* **Dataset section**
--------------------------------------------------
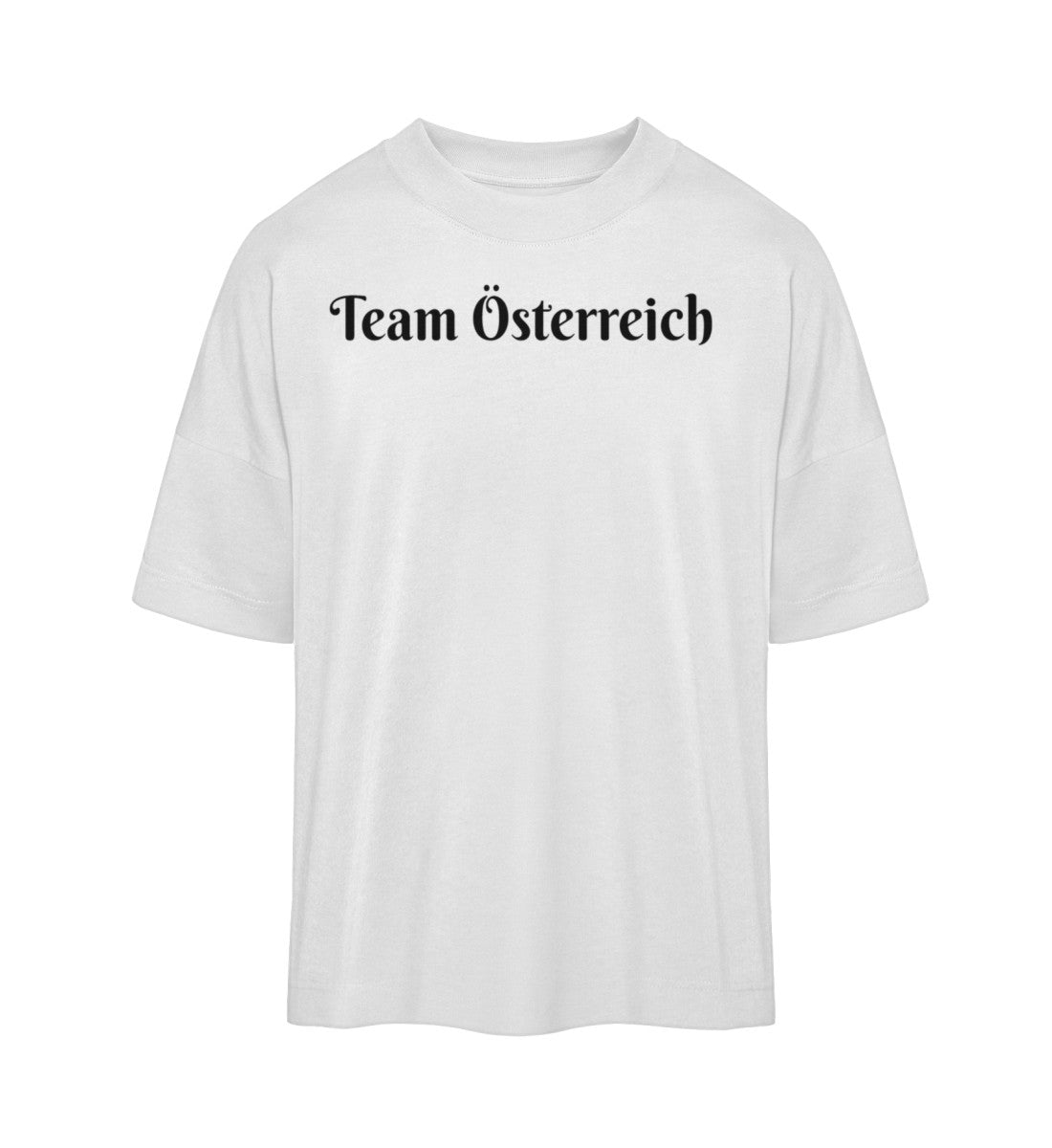 oversized t-shirt aus bio baumwolle veredelt mit einem team österreich design umweltfreundlich hochwertig und bequem 
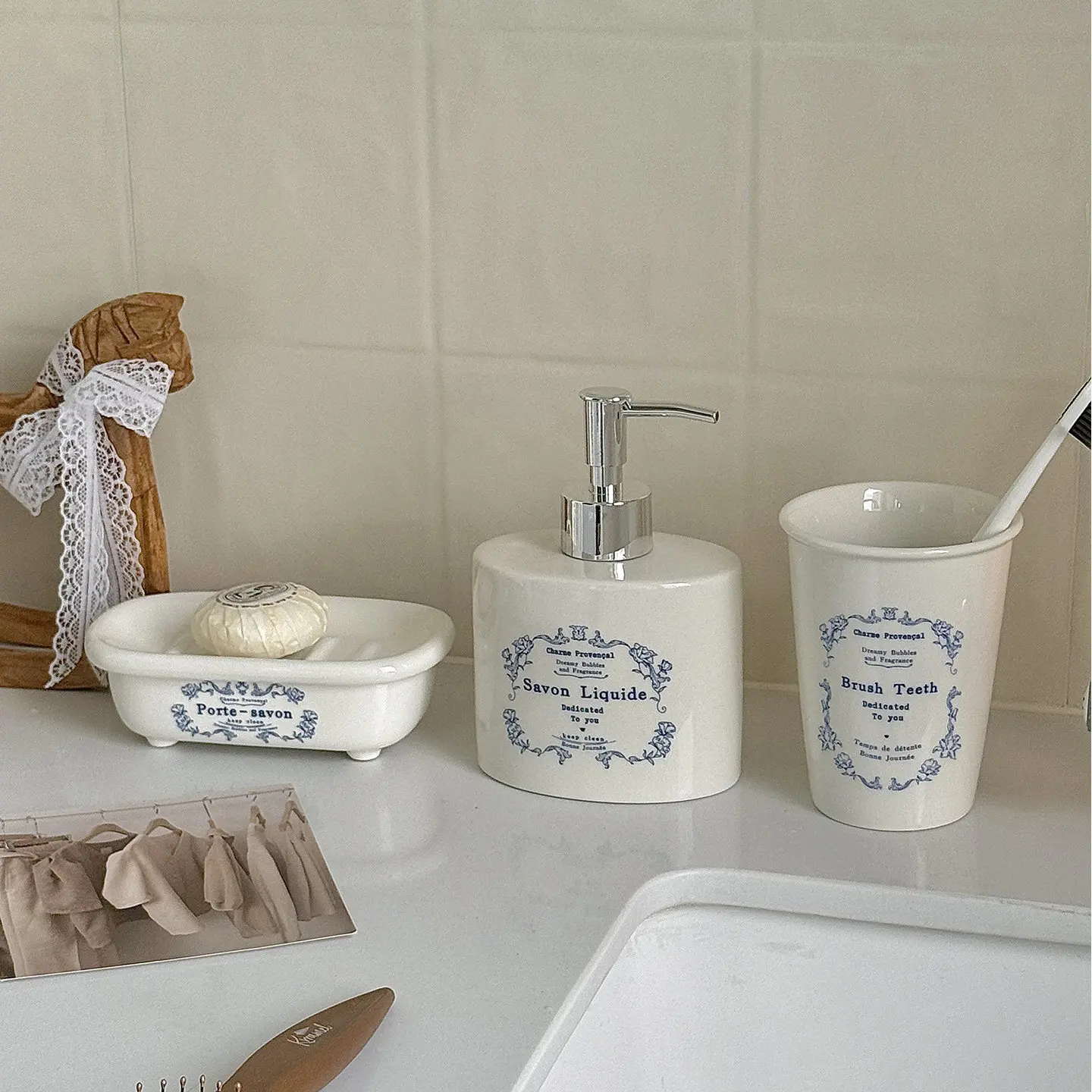 Vintage French Bathroom Lotion Pump, Refillable Soap & Lotion Dispenser for Home Ceramic Soap Box for Bathroom,Kitchen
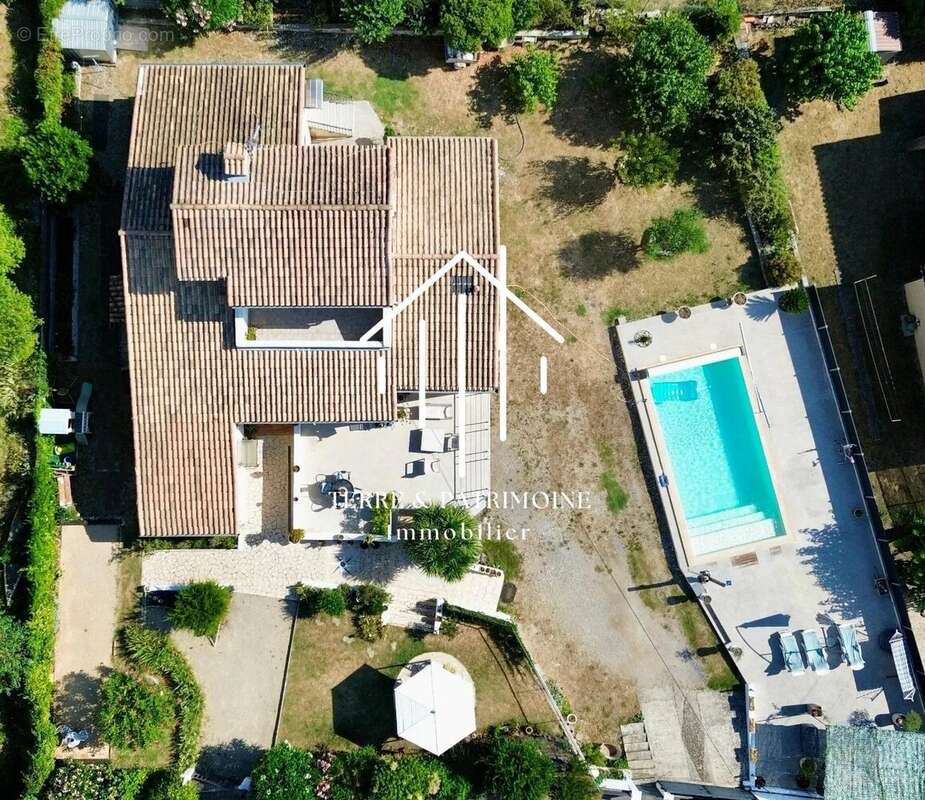 Maison à LAVILLEDIEU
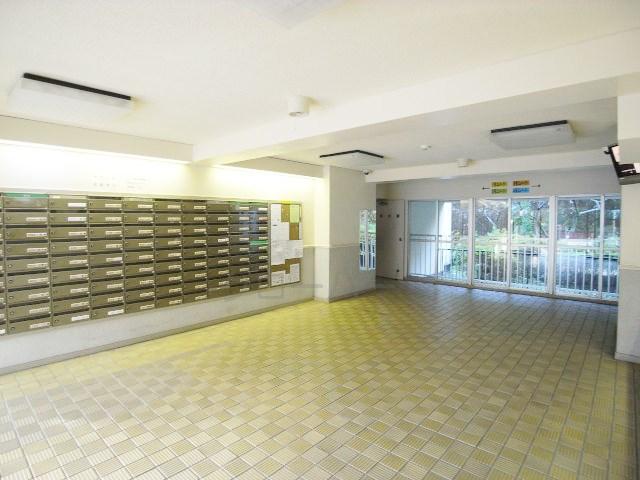 Other common areas. Entrance hall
--------------------------------------------------
Your copy should hold exactly the lines from the one that contains "Vintage French Bathroom" through the final line of the data, both ends included, and no pictures.

* **Solution to the exercise**
 Vintage French Bathroom Lotion Pump, Refillable Soap & Lotion Dispenser for Home Ceramic Soap Box for Bathroom,Kitchen
 Maison à LAVILLEDIEU
 Other common areas. Entrance hall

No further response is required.